Whenever she has pockets in her clothes, she likes to put random things in her “just in case” pocket, like Peter Rabbit’s friend Lilly Bobtail. Might be a hair clip, a piece of string or a rock – you never know what you might need!
The adult version of this is holding onto material possessions “just in case” we might need them one day. I know I am guilty of doing this. “One day” rarely arrives but clutter in our hall cupboards, junk drawers, spare rooms and garages continues to grow – just in case.
Research has shown that a cluttered environment can have a negative impact on your ability to focus and process information.
Physical clutter in your surroundings can compete for your attention, overload your senses and increase stress.
In today’s society not only do we deal with physical clutter, we also deal with digital clutter — files on the computer, notifications from Facebook and for some of us our watch vibrating to tell us that we are getting a phone call, or our phone vibrating to tell us we just got a text message. When our brain has too much on its plate it becomes difficult to filter information, switch quickly between tasks and focus on one thing.
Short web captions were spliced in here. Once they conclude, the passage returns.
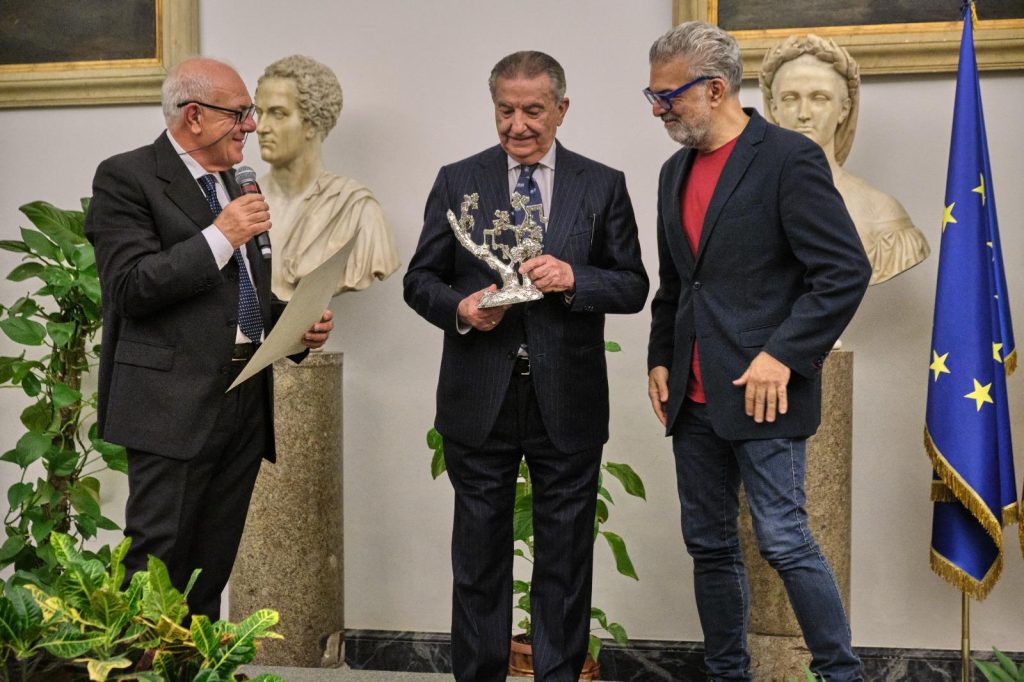 Fernando Burgo Vigna 67 2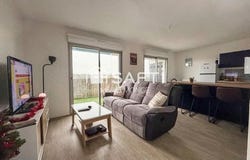 Begles, Aquitaine 33130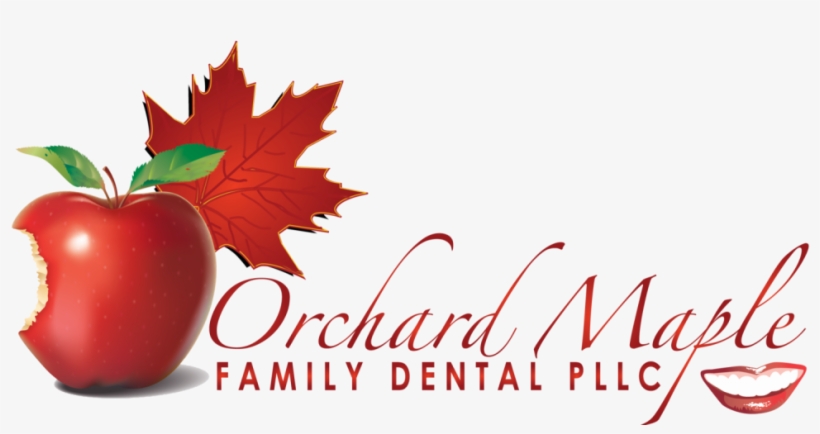 Link To Dr - Meet Me At The Commons: A Field Guide To The Common, transparent png #536180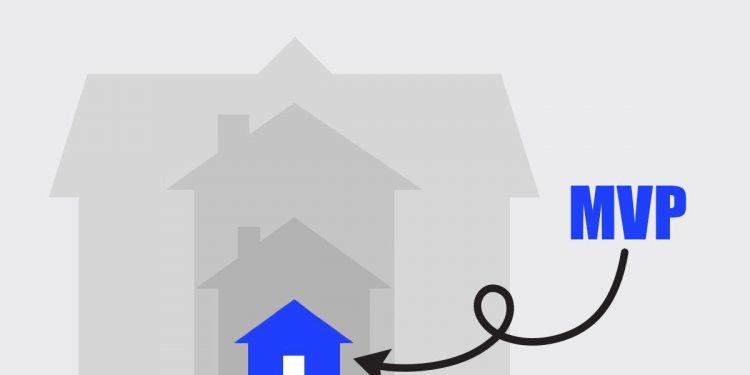 How to Optimize Your Business Using MVP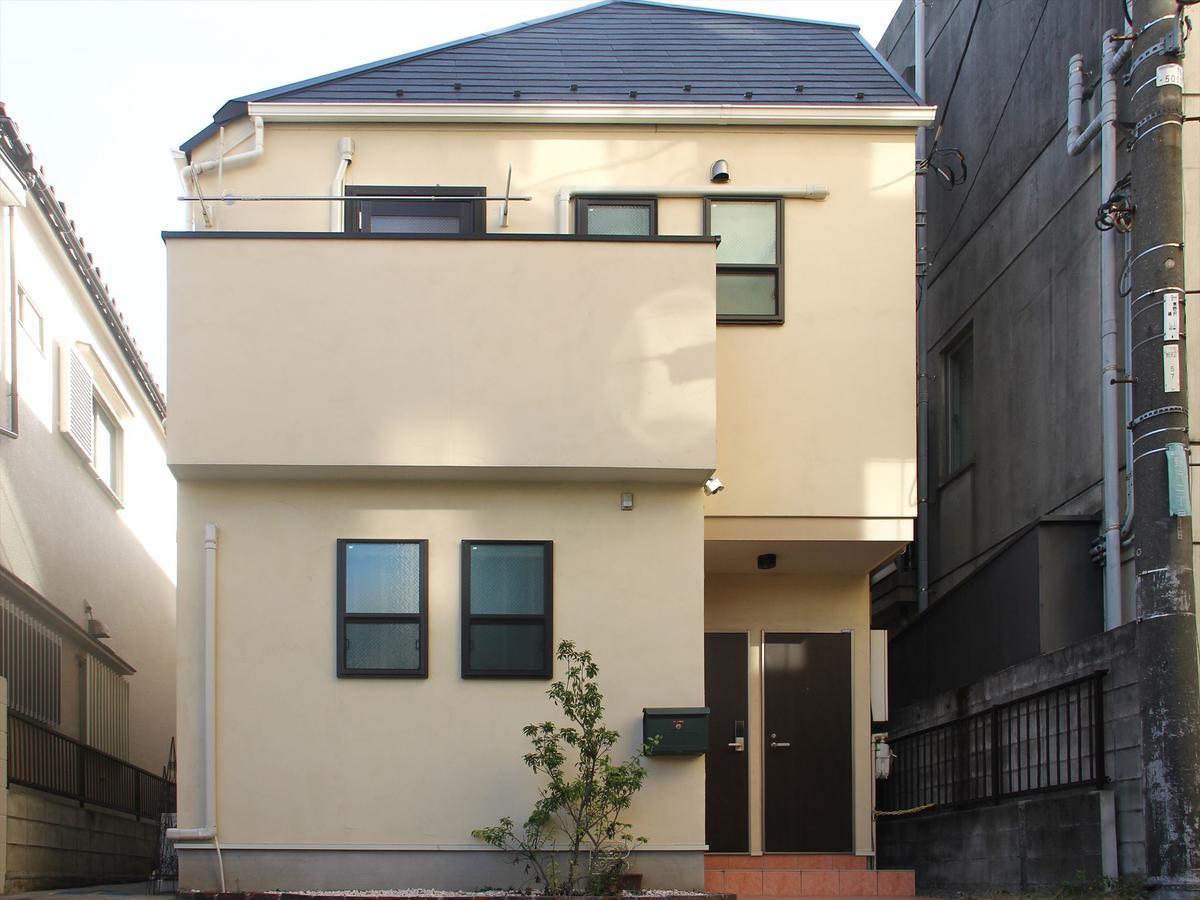 Coto Shibuya 3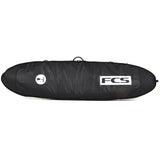 Vågsurfingbag Travel 1 Longboard - 9´2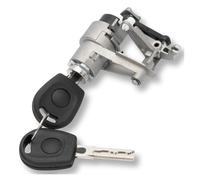 Car Ignition Starter Switch For Toyota For Hilux 1998-2005 For Tacoma 1995-2004 Ignition Lock Cylinder Switch Keys 69057-35030 6905735030 69057-63110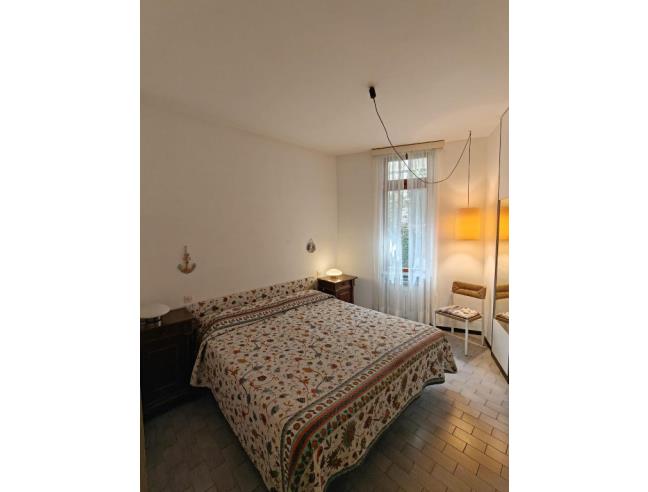 Anteprima foto 5 - Affitto Appartamento Vacanze da Privato a Recco (Genova)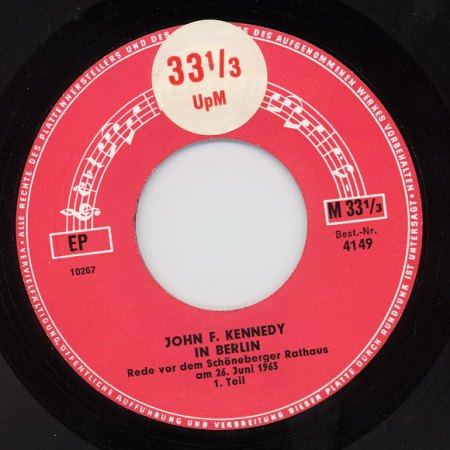 Kennedy, John F005_Bildgröße ändern.JPG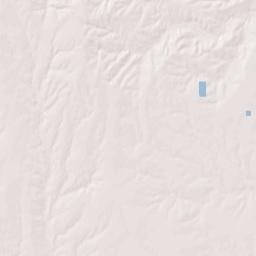 138 U.S. 56, Windom, KS 67491, America Terrain Map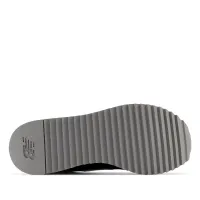 Кросівки New Balance WL574ZSA - Чорні
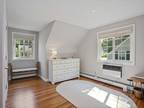 Woodbury Ave, Stamford, Home For Sale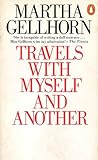 Travels with myself and another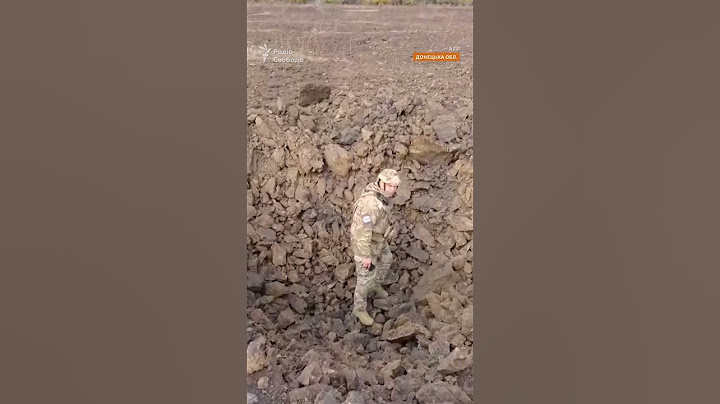 «Они не доезжают»: ситуация в Авдеевке из уст военного ВСУ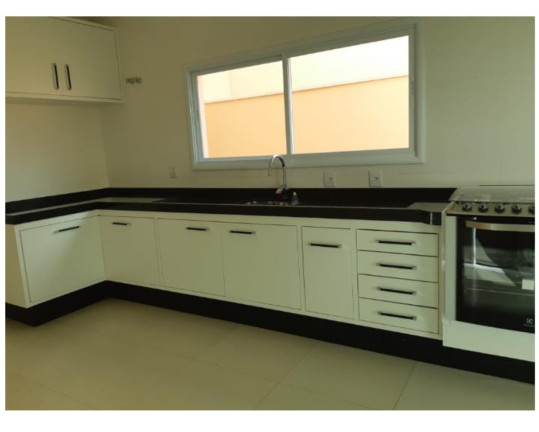 Imagem Casa com 3 Quartos à Venda, 227 m² em Wanel Ville - Sorocaba Imagem Casa com 3 Quartos à Venda, 227 m² em Wanel Ville - Sorocaba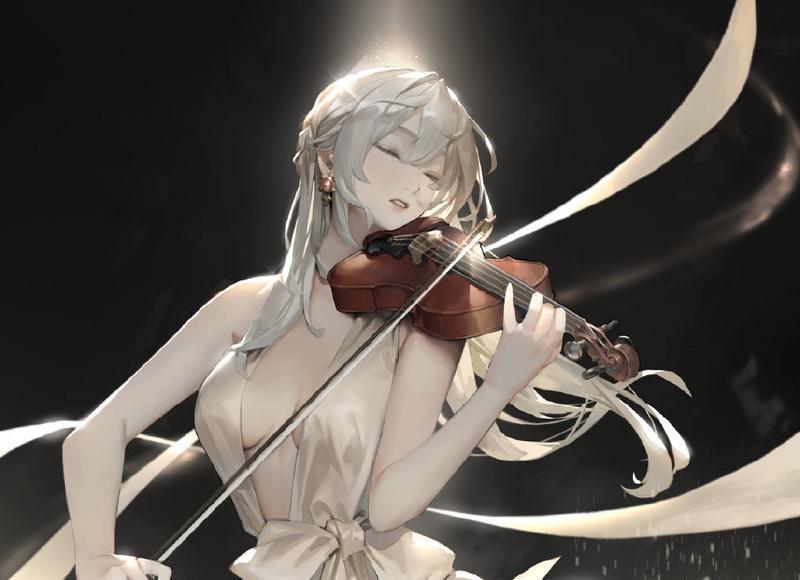 用甩造句二年级短句汇合60条 用甩造句二年级短句汇合60条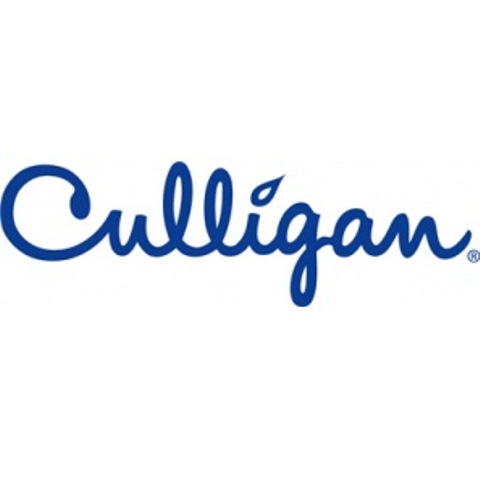 Image for Culligan Water Conditioning Grand Rapids with ID of: 2509070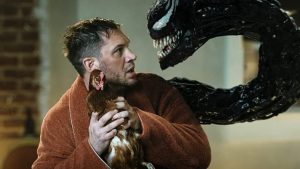 Tom Hardy Venom_3c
Everyone’s tolerance for clutter is different, so try to find how much you can tolerate so that it doesn’t affect your ability to concentrate, or to find things.
I’m sure we’ve all been in a situation where you are trying to get out the door and you can’t find your keys or your jacket, and you frustratingly spend 15 minutes looking for items because they didn’t get put back where they belong.
Winter is a good time to go through all your clutter, have a good clean out and then find a “home” for the things you want to keep.
Ask yourself “do I really need to keep this, just in case?”. Make sure items you are going to keep get put back where they belong each day to minimise clutter and create an environment where you can concentrate effectively and minimise stress.